START Dataset extract

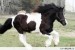 konik grosovany 6.jpg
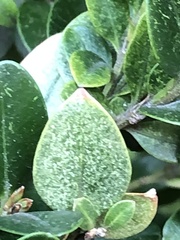 Eurytetranychus buxi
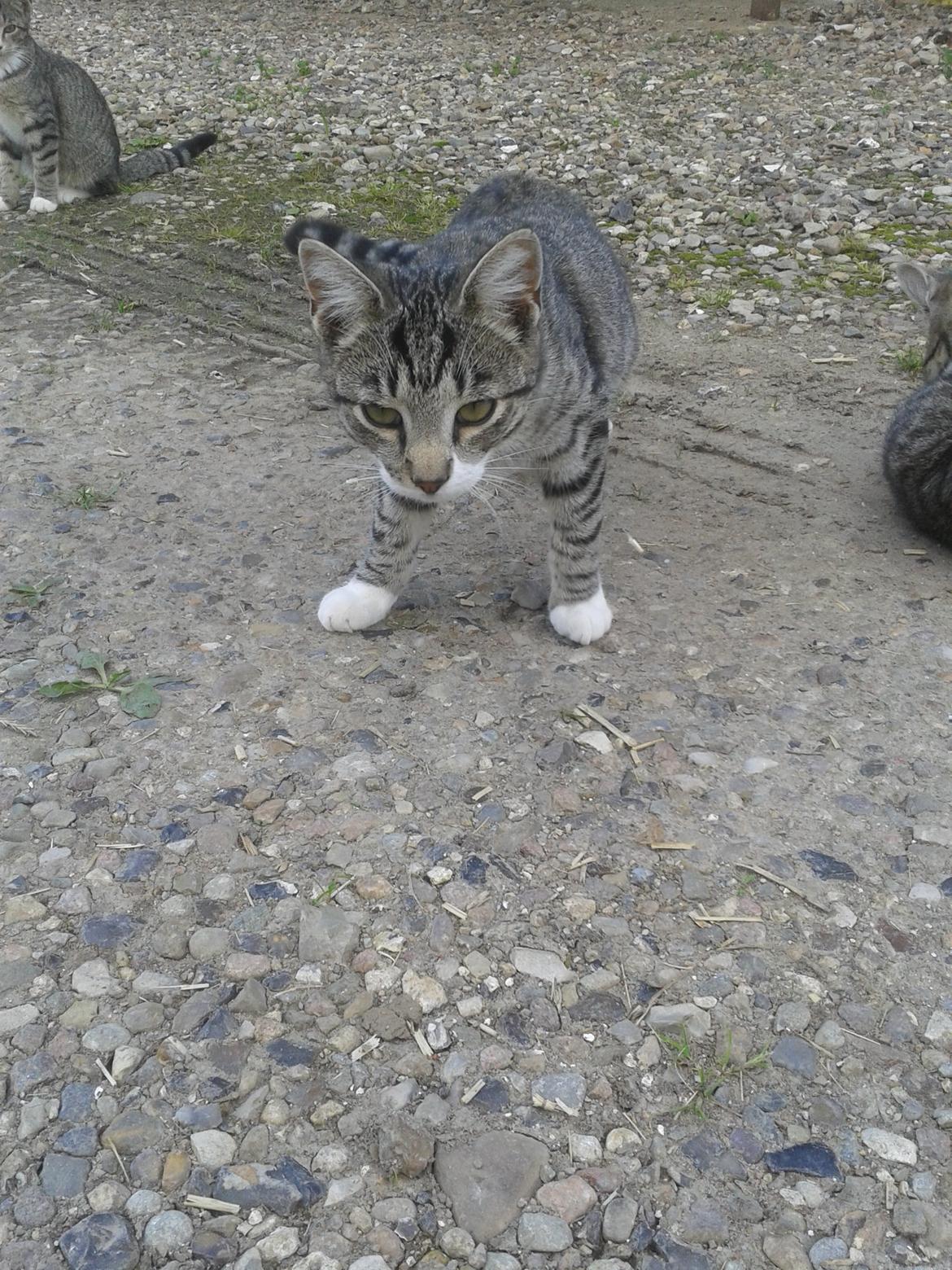 Huskat Mille - Bambie  billede 34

END Dataset extract

_Task directions_
Print the whole listing exactly. No pictures belong in the copy.

_Response to the exercise_
 konik grosovany 6.jpg
 Eurytetranychus buxi
 Huskat Mille - Bambie  billede 34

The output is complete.